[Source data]

*** Block opens ***

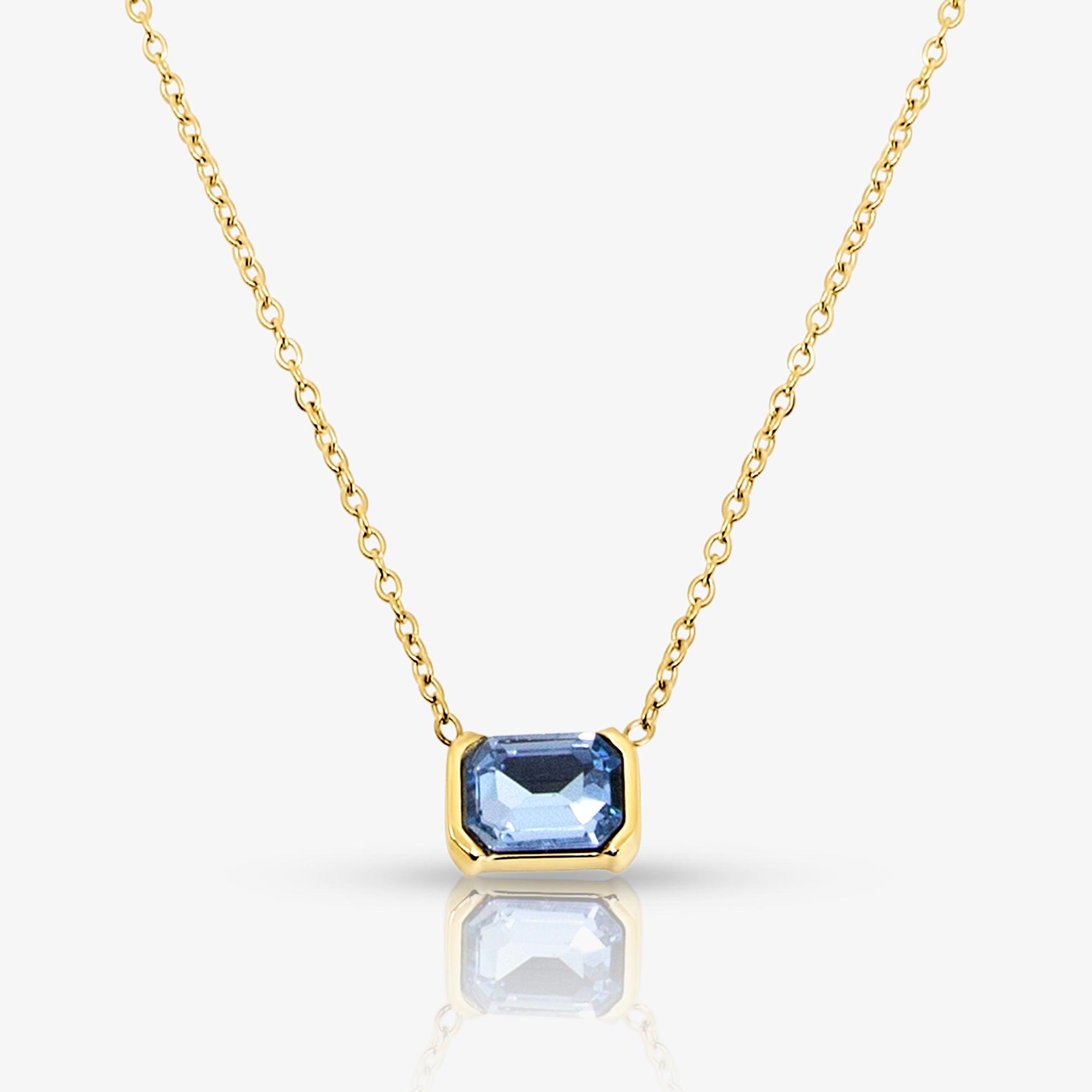 Noa Birthstone Necklace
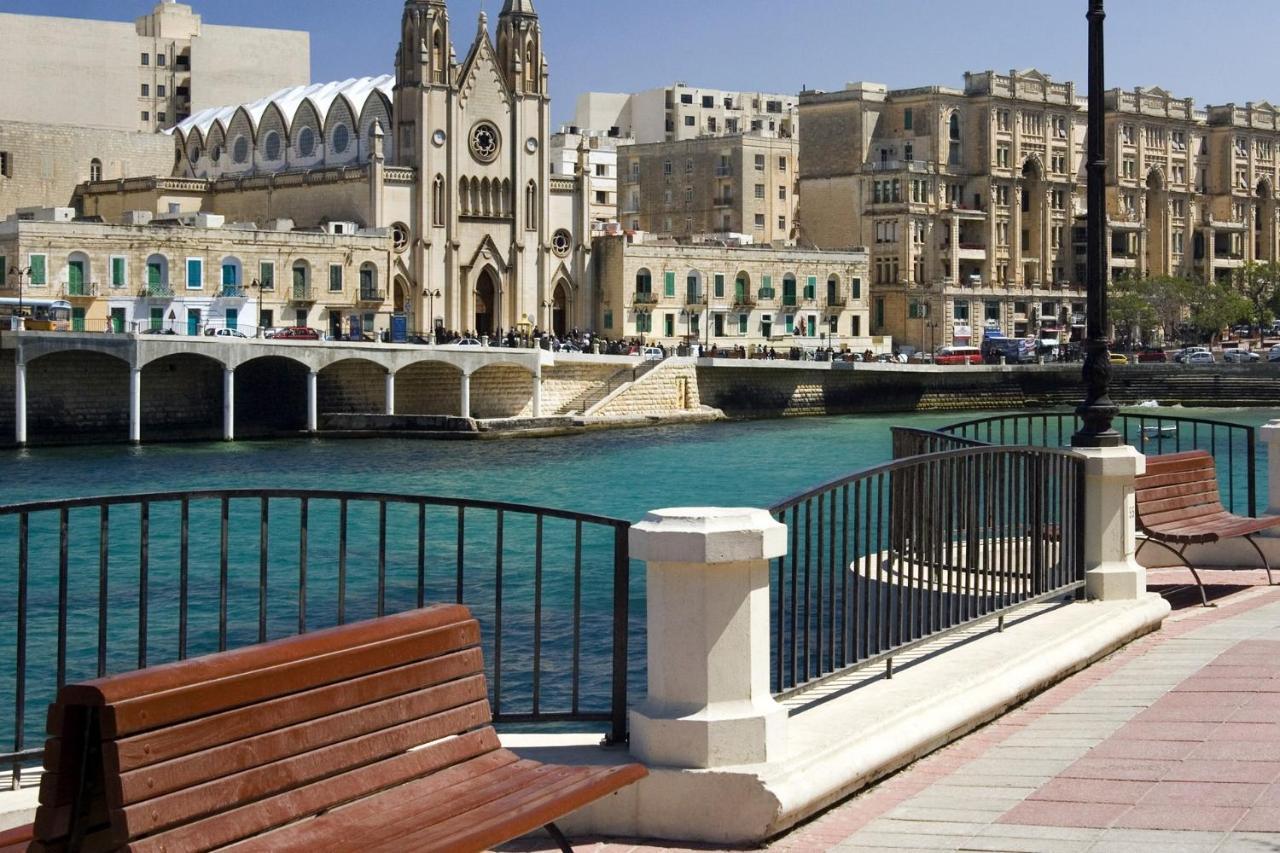 Modern 1Br Apartment, Central Location Sliema Exterior foto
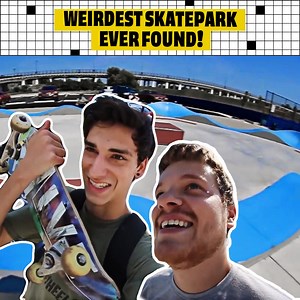 5.4K views · 73 reactions | Really WEIRD Skatepark  | Sam Tabor | Facebook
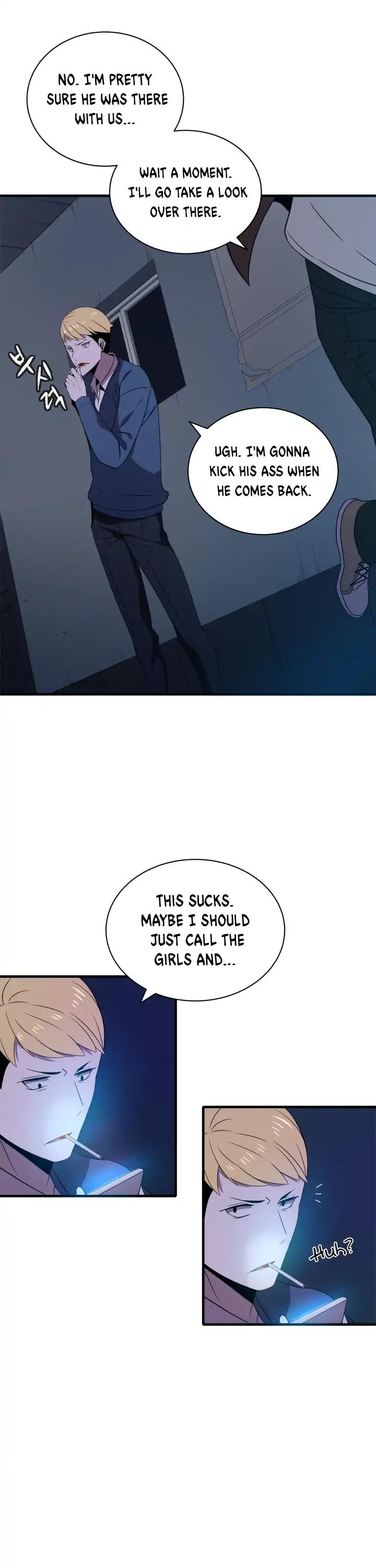The Descent of the Demonic Master Chapter 7 page 7 - Chapter 7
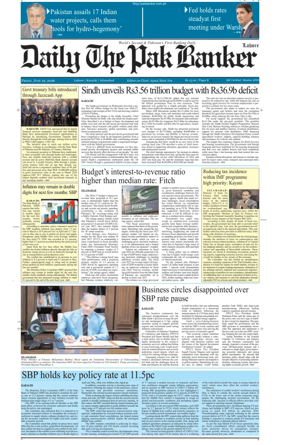 Cover of The Pak Banker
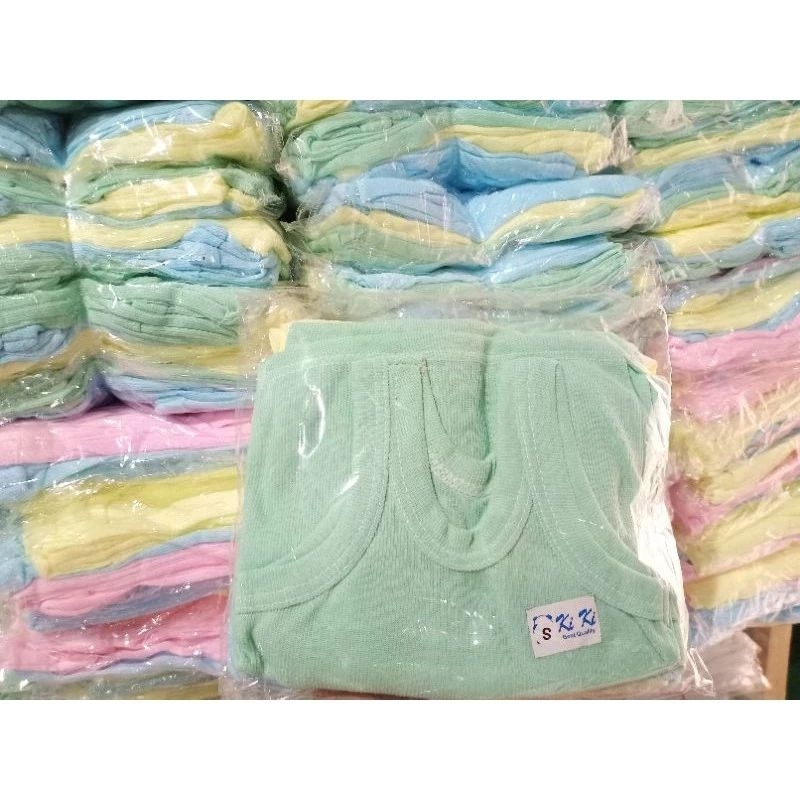 GROSIR baju singlet bayi 1 lusin
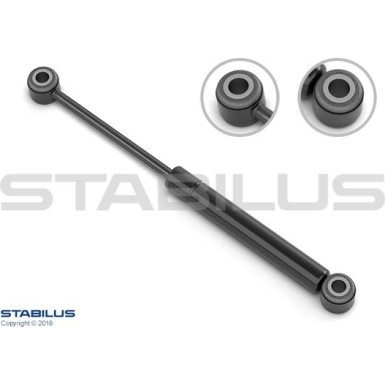 Stabilus Schwingungsdämpfer, Keilrippenriemen STAB-O-SHOC® 5754PR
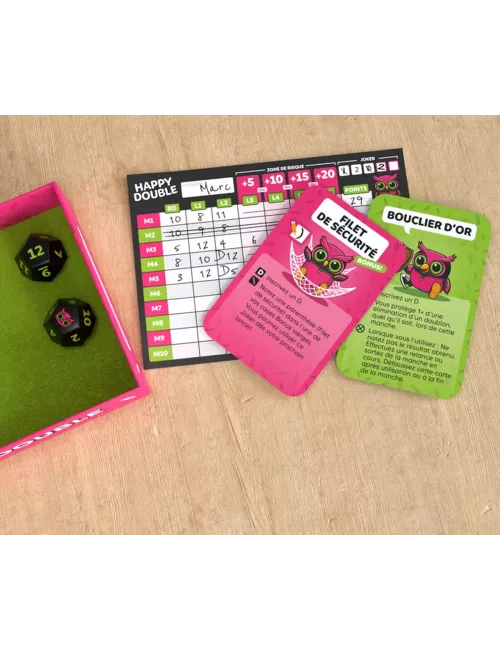 Happy Double - Jeu de société - Gigamic - Ludum.fr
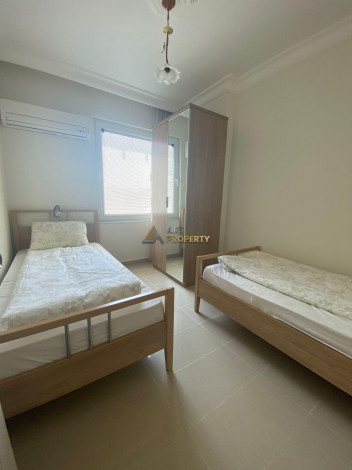 Просторная квартира планировки 2+1, 110м2 с видом на море в районе Махмутлар - Ракурс 15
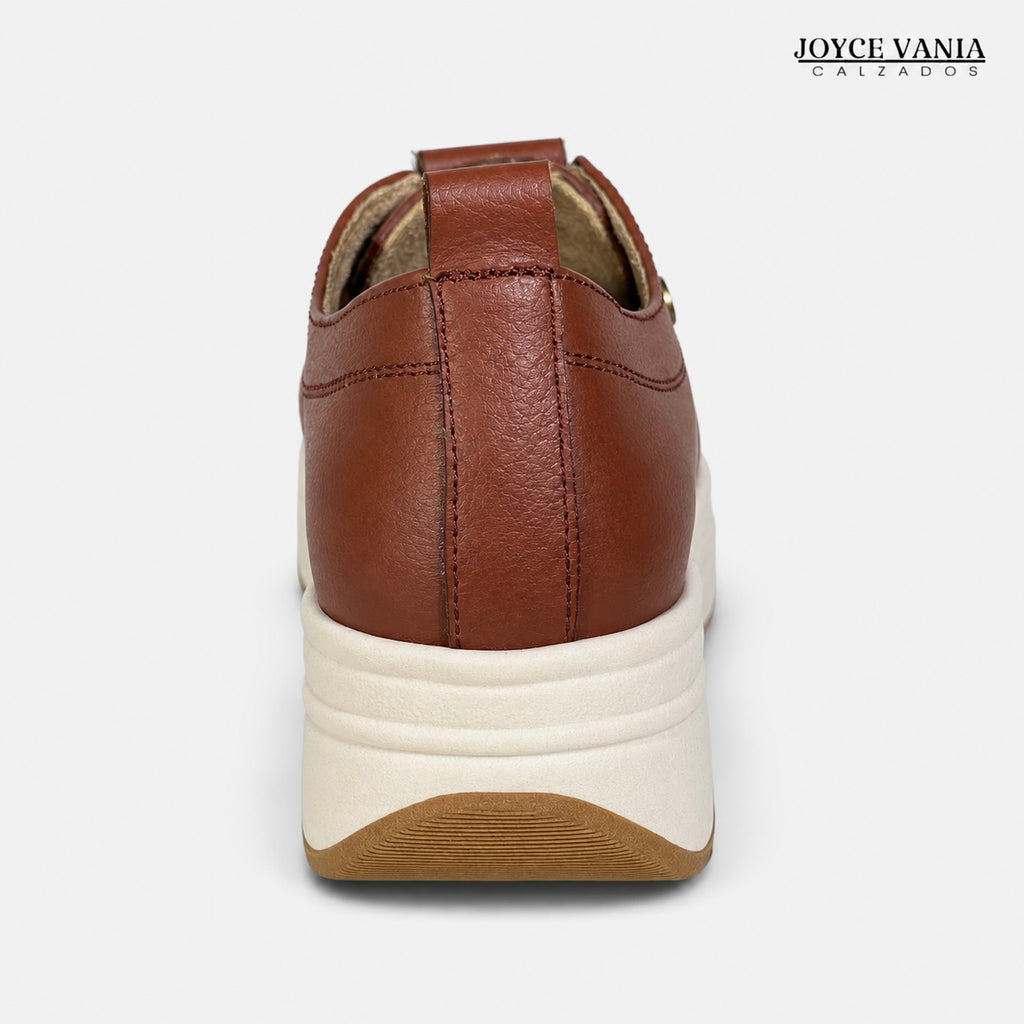 Zapatillas Urbanas de Cuero Mujer Kelly apache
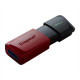 Kingston USB Flash Drive DataTraveler Exodia 128 GB USB 3.2 Gen 1 Black/Red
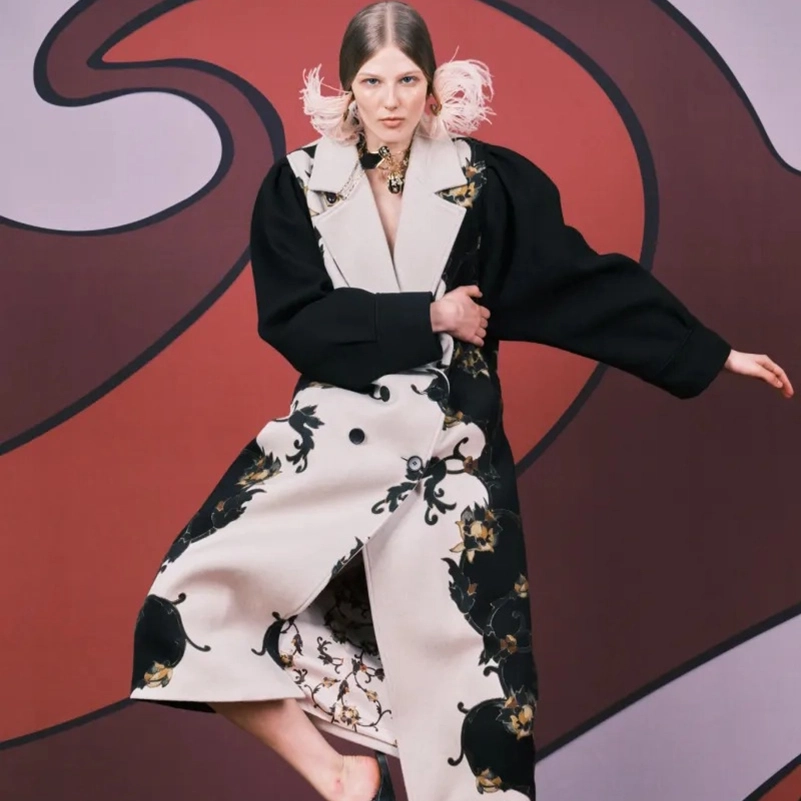 La Doublej Fall 2026 Highlights Printed Shirts And Voluminous Coats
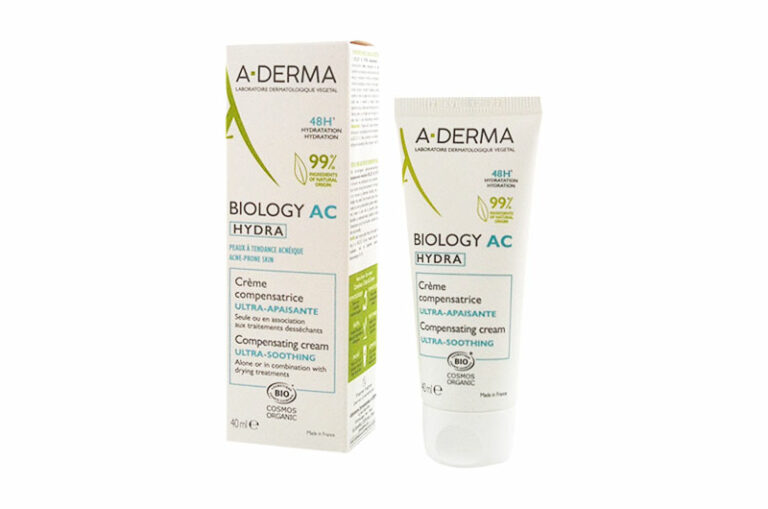 A DERMA BIOLOGY AC HYDRA Crème compensatrice ultra apaisante 40 ml BIO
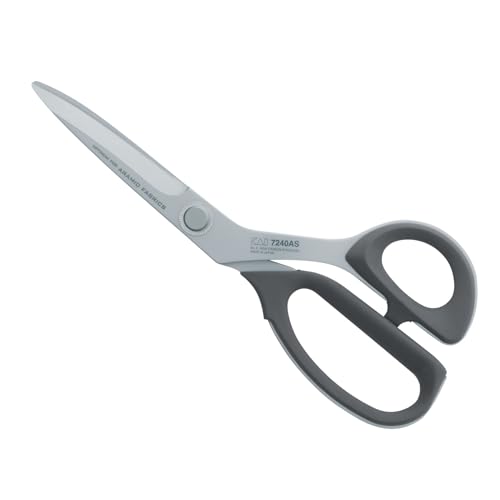 KAI Shun Haushaltsschere 23 cm - Ergonomischer Griff - Rostfreie Klinge mit maximaler Schnittleistung - Knochenkerbe & Kapselheber - Schere Küchenschere von KAI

*** Block closes ***

### DIRECTIONS:
Output, exactly and with no pictures, every line from the one that contains "La Doublej Fall" through the final line of the entries.

### WRITTEN SOLUTION:
 La Doublej Fall 2026 Highlights Printed Shirts And Voluminous Coats
 A DERMA BIOLOGY AC HYDRA Crème compensatrice ultra apaisante 40 ml BIO
 KAI Shun Haushaltsschere 23 cm - Ergonomischer Griff - Rostfreie Klinge mit maximaler Schnittleistung - Knochenkerbe & Kapselheber - Schere Küchenschere von KAI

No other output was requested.